Agents are pulling together as they unite urgently to find accommodation to rehouse survivors of the Grenfell Tower catastrophe.
Daniels, which has five offices in London, said that the imperative and co-ordination now seem to be coming from central government.
Operations manager Brendan Ryan said: “The day after the blaze, we contacted Kensington & Chelsea Council to offer whatever help we could, but we got no response.
“On Monday this week we heard from our own local council, Brent, which was asking for help locating empty two-, three- and four-bedroom properties that were available for rent.
“We immediately contacted our entire database asking if they, or anyone they knew, had a suitable property.
“As a result, we have had between 40 and 50 offers, which we have now put forward.
“All we know at this stage is that the full market rent will be offered and paid by central government, and that there will be the usual shorthold tenancies. Other than that, there is no detail.
“We will be waiving all our usual fees, and our property management team is working flat out to find as many homes as we can and to make these ready to move into as soon as possible.
“People have been calling us – home owners offering to move out of their own properties, so that the tower survivors can move in.
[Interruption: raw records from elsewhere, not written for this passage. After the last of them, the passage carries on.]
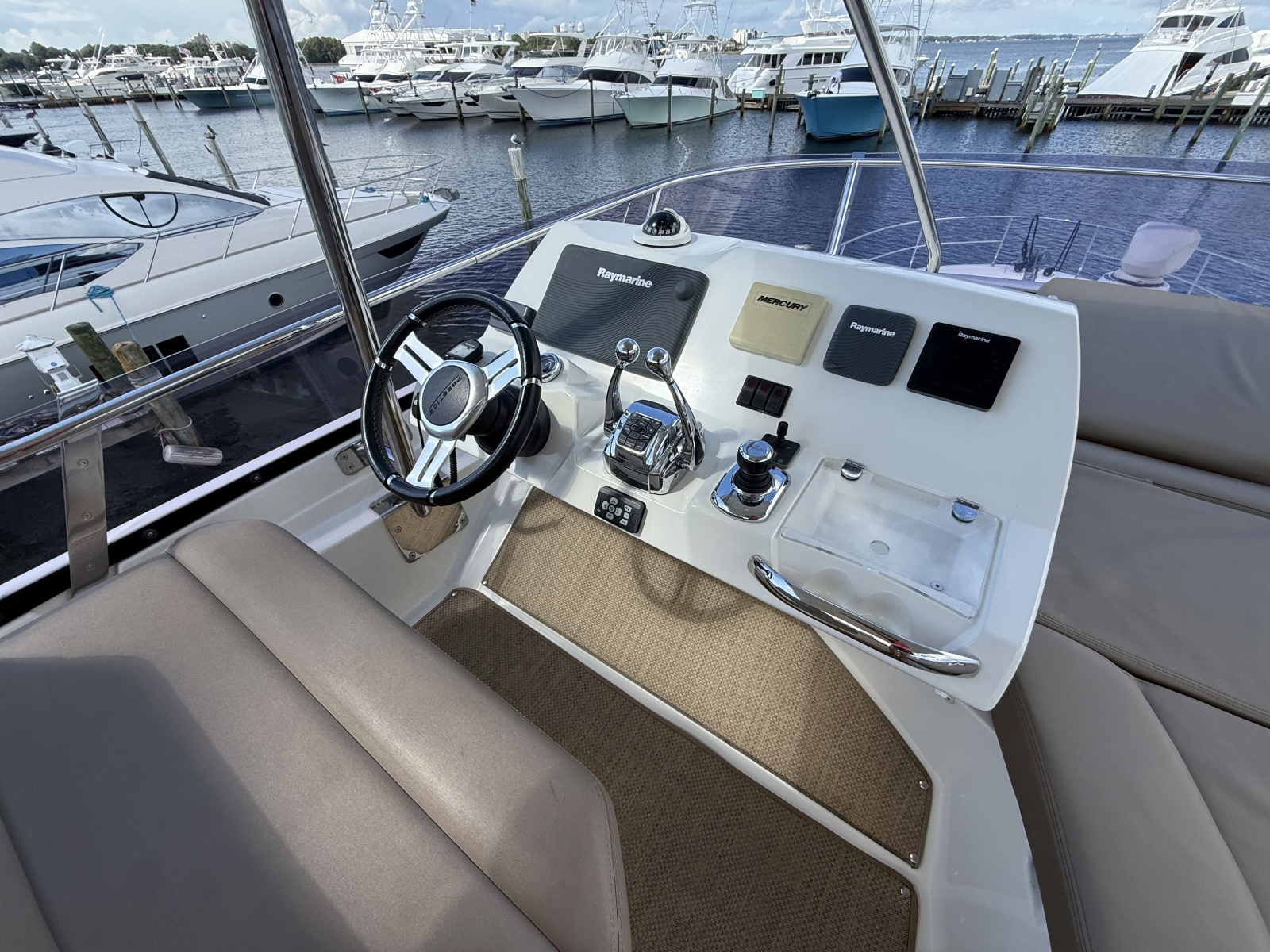 2015 Prestige 55 Fly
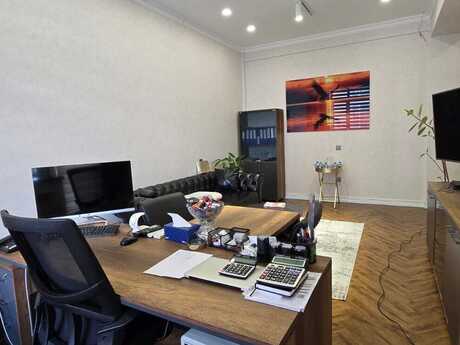 5 otaqlı ofis - Koroğlu m. - 240 m²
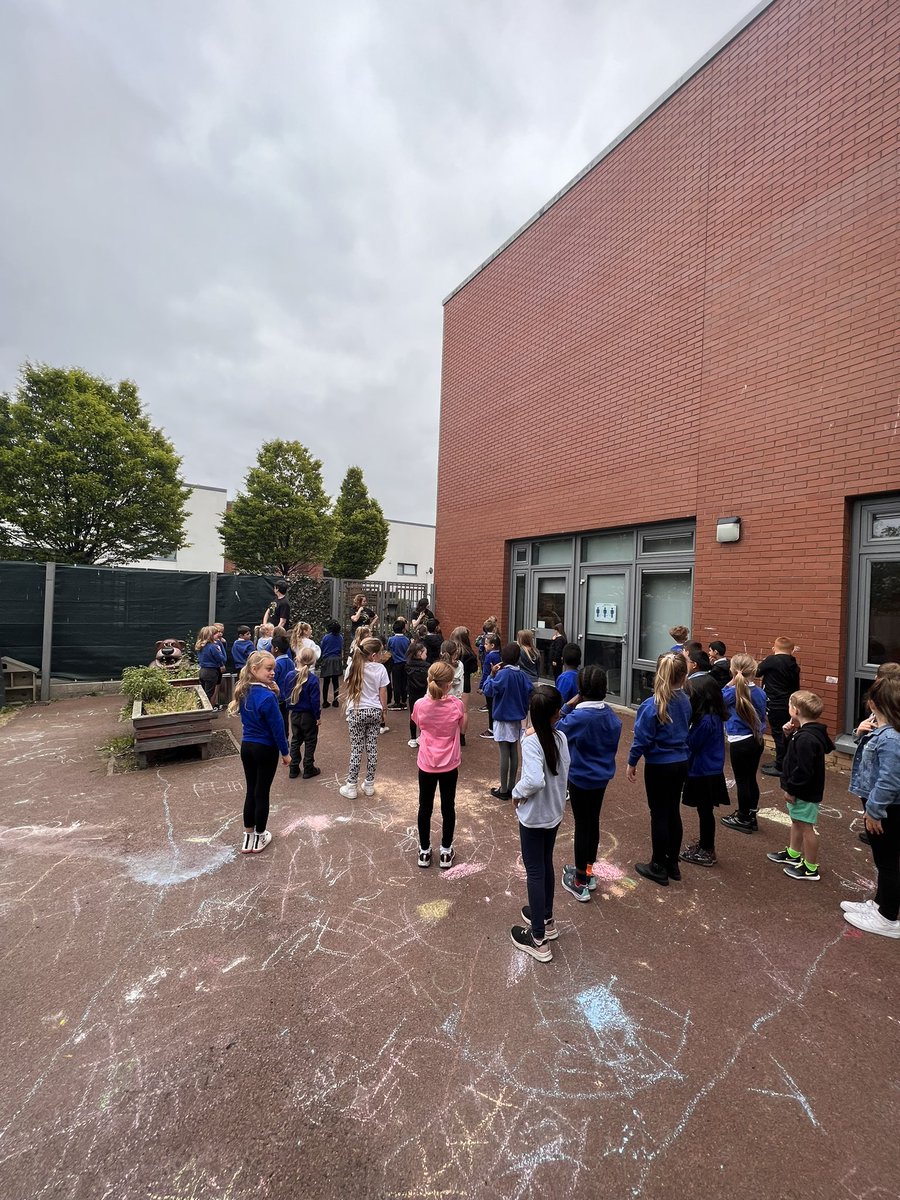 MissSimmons29's tweet photo. Lots of fun with the @SCOmusic as part of our #NMHW23 @NiddrieMillPS https://t.co/hC0Cqs6zfl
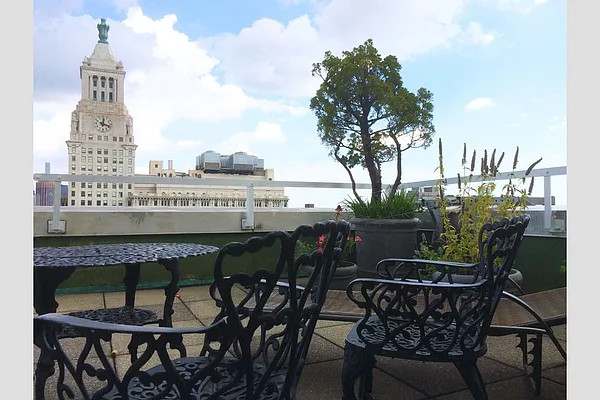 Rented by Stribling | media 10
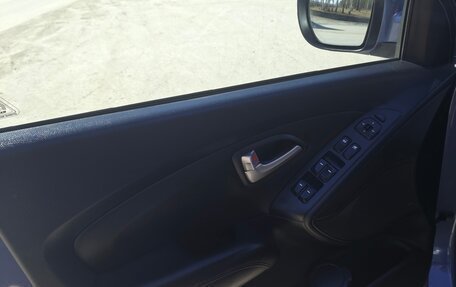 Hyundai ix35 I рестайлинг, 2013 год, 1 300 000 рублей, 1 фотография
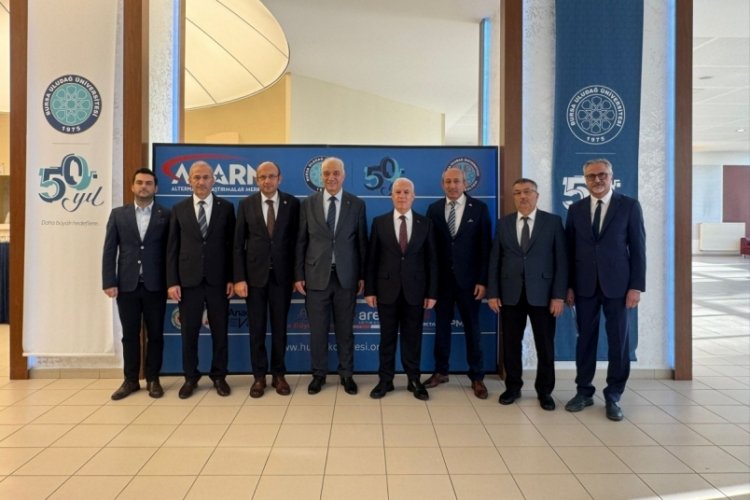 Bursa'da 'Gen&ccedil; Hukuk&ccedil;ular Kongresi'nde Sivil Anayasa konuşuldu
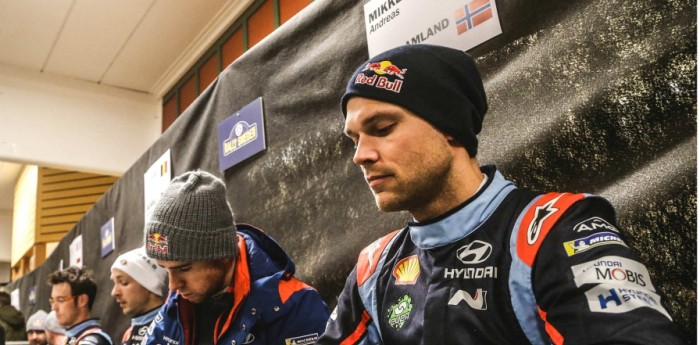 Hyundai bajó a Andreas MIkkelsen para el rally de Francia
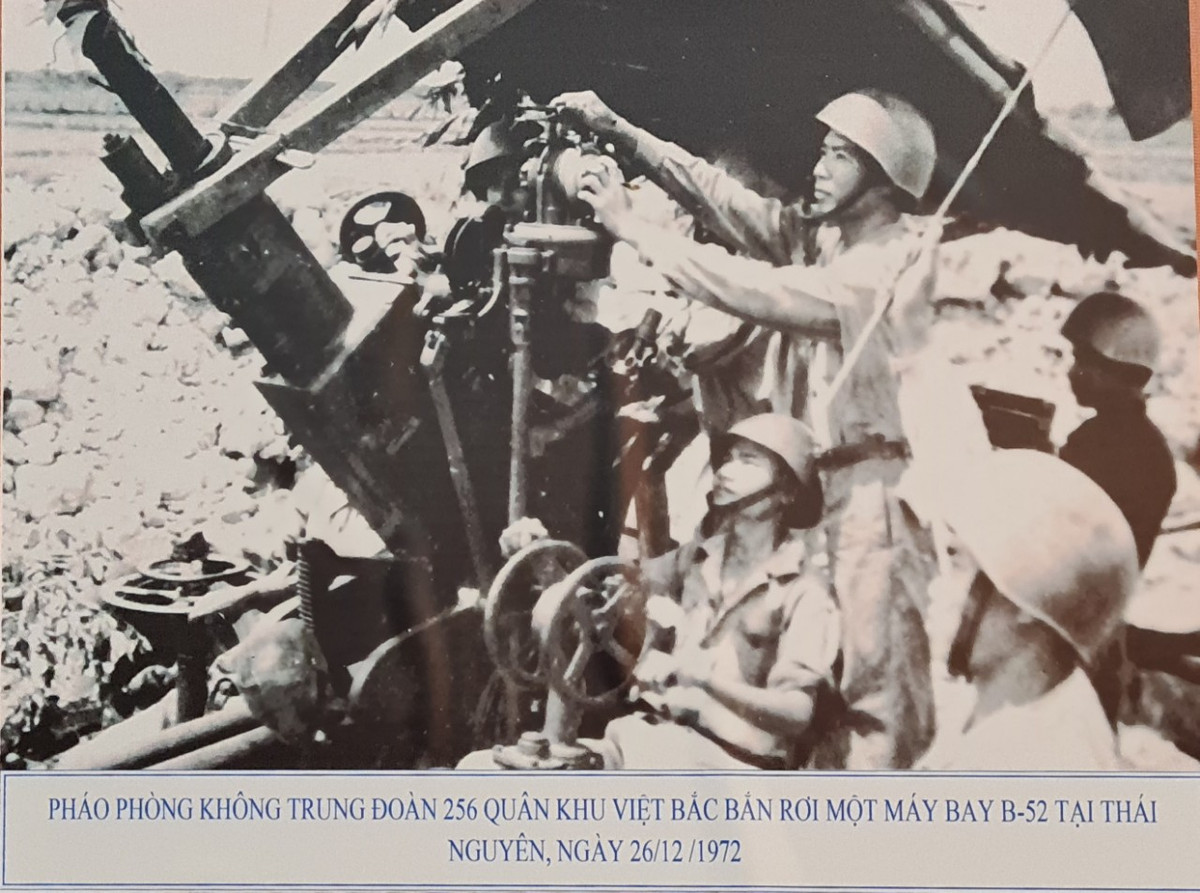 Pháo phòng không trung đoàn 256 Quân khu Việt Bắc bắn rơi một máy bay B-52 tại Thái Nguyên, ngày 26/12/1972.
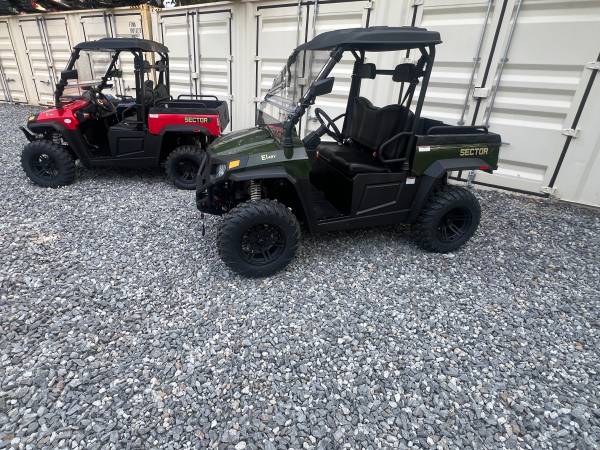 Caterpillar HISUN, Import USA — Foto 2 z 12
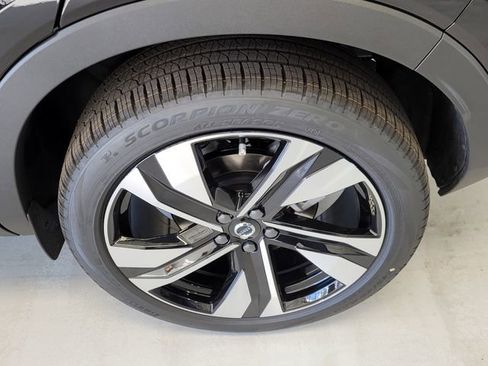 New 2026 Volvo XC40 B5 Ultra w/ Protection Package Premier AWD/4WD image 6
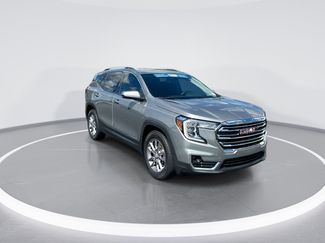 Used 2023 GMC Terrain SLT w/ LPO, Floor Liner Package FWD video 2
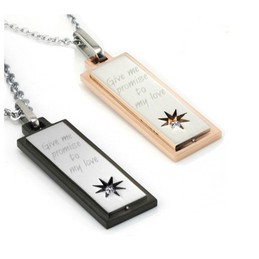 Stable Quality Star Shape Titanium Necklace For Lovers With Rhinestone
But of course, that is not what we want.
“The community spirit really is remarkable, but it is not just the community that is pulling together – it is estate agents too.
“I have been contacted by others, including Spicerhaart and Countrywide, wanting to join in the effort.”
Ryan appealed for any agents, or their friends or contacts, knowing of vacant properties within a mile or two of Grenfell Tower to get in touch.
He said: “This is where the need really seems to be.”
Any agent who may be able to help should ring Daniels on 0208 452 7999 and ask to speak to any of the managers.
It is not known how many surviving households there are from the blaze, which took the lives of at least 79 people.
The London agents have also risen above politics and potential ‘fake news’, with stories that some survivors have been given temporary accommodation miles away – according to some reports, re-housed as far away as Preston – and that others have been offered high-rise accommodation, including multi-storey hotels, which traumatised victims have refused even to enter.
The new housing minister has so far kept a very low profile in the disaster, but yesterday Henry Pryor received what looks to have been the first direct tweet from Alok Sharma.
In it, he said that the policy was to “house locally”. https://twitter.com/AlokSharma_RDG/status/877200734277832706
EYE thanks the agency community – our readers – across London for your response, compassion and practicality in these awful times.